I wish a hidden camera could capture that moment of unfiltered, unspoken, awkward honesty as folks remember the things they’ve shared that they would not knowingly choose to share with a “priest.” They quickly overcompensate and apologize profusely for saying words that I’ve heard 13 billion times, “I never talk like that! I don’t know what got into me!”

The comedic value here is obvious. Uncomfortable social scenarios are inherently funny. But as I stop chuckling, I realize that there’s also something heartbreaking going on in these moments. When conversations hit such an abrupt speed bump, it reveals a deeply held confusion between sanitation and sanctification – a belief that there is no place where their struggles or yearnings can intersect with God’s grace. For these dear neighbors of mine, Christianity has been presented to them as a guide to cussing less and pretending not to notice pretty women.
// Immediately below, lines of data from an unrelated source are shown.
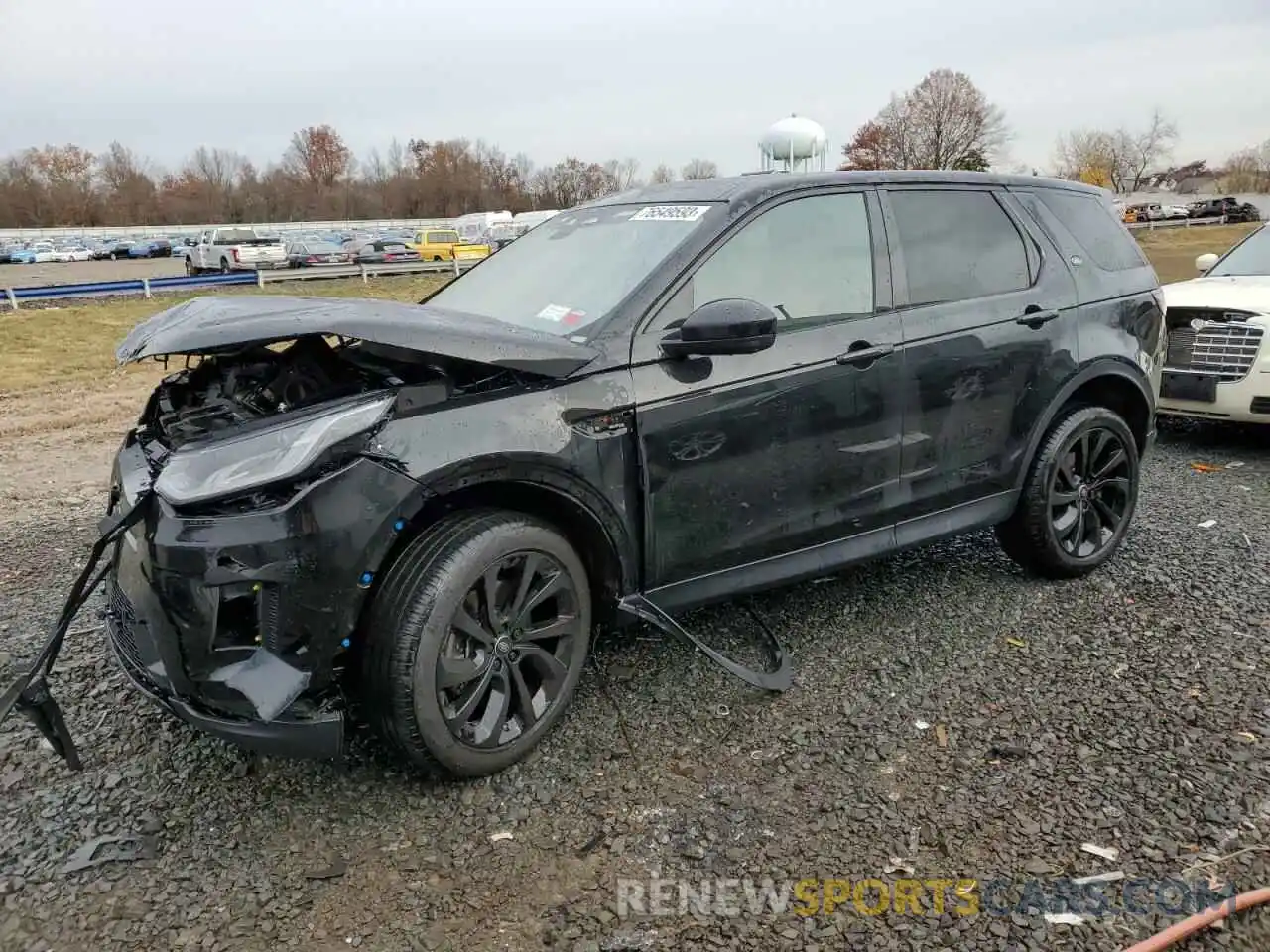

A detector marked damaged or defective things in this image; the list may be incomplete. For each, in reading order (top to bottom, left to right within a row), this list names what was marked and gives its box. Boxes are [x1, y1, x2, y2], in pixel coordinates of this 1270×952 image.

crumpled hood [114, 297, 599, 378]
crumpled hood [1163, 275, 1270, 320]
broken headlight [153, 393, 393, 508]
damaged front end [2, 293, 596, 767]
damaged black suv [5, 174, 1163, 776]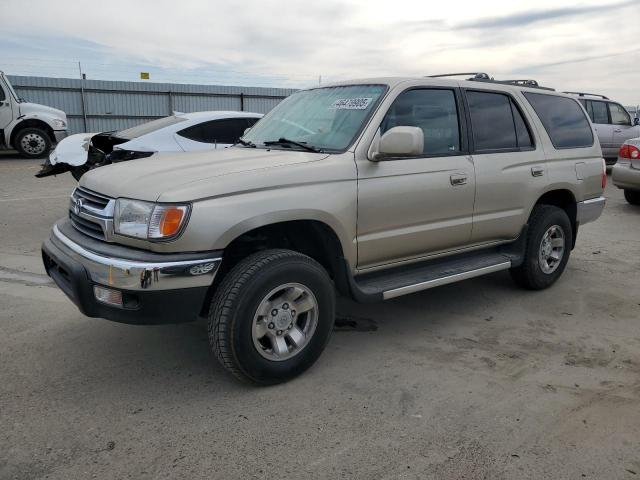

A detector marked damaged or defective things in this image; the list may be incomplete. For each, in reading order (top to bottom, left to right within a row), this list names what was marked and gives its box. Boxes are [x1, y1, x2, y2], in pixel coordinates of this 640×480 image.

wrecked white car [36, 110, 262, 180]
I enjoy going out to breakfast on my day off. It is an opportunity to get away from the business of the church for a moment, to ruminate on the flavor of the world’s second-best pancakes, and to chat with some fellows from outside the congregation. The conversations I’ve had here are wide ranging and free flowing. I do a LOT of talking for “work” on Sundays, so I’m more than happy to do most of the listening during my Monday breakfasts. I just nod and try to learn about the people from my community. Interspersed between the standard political rants, musings about the weather, and frustration about a sports teams’ failures are diamonds in the rough – concern for a child’s education, excitement about a new romantic interest, coping with the death of a mother. The conversations are not always G-rated and most of the fellows use words my mother taught me to avoid. But when I refuse the easy out of taking offense, I’m around to see the glimmers of light in broken expressions of God’s image. By keeping my mouth shut when I’m not thrilled about what comes out of theirs, I stumble upon yearnings and dreams springing out of the very best of what it means to be human. I’m able to see how their struggles uncover in them the same desperation that draws us all together to ask the same ultimate questions – Why do I exist? Is there a purpose to the universe? Is redemption possible? Where can I find fulfillment? When I listen, the fruits and shoots of gospel connecting points spring up from what might initially seem like soiled talk. But these incredible conversations hit a snag when I’m asked about my job. These folks believe that church is not a place to deal with real life, that Christians are unprepared or unwilling to meet them where they’re at.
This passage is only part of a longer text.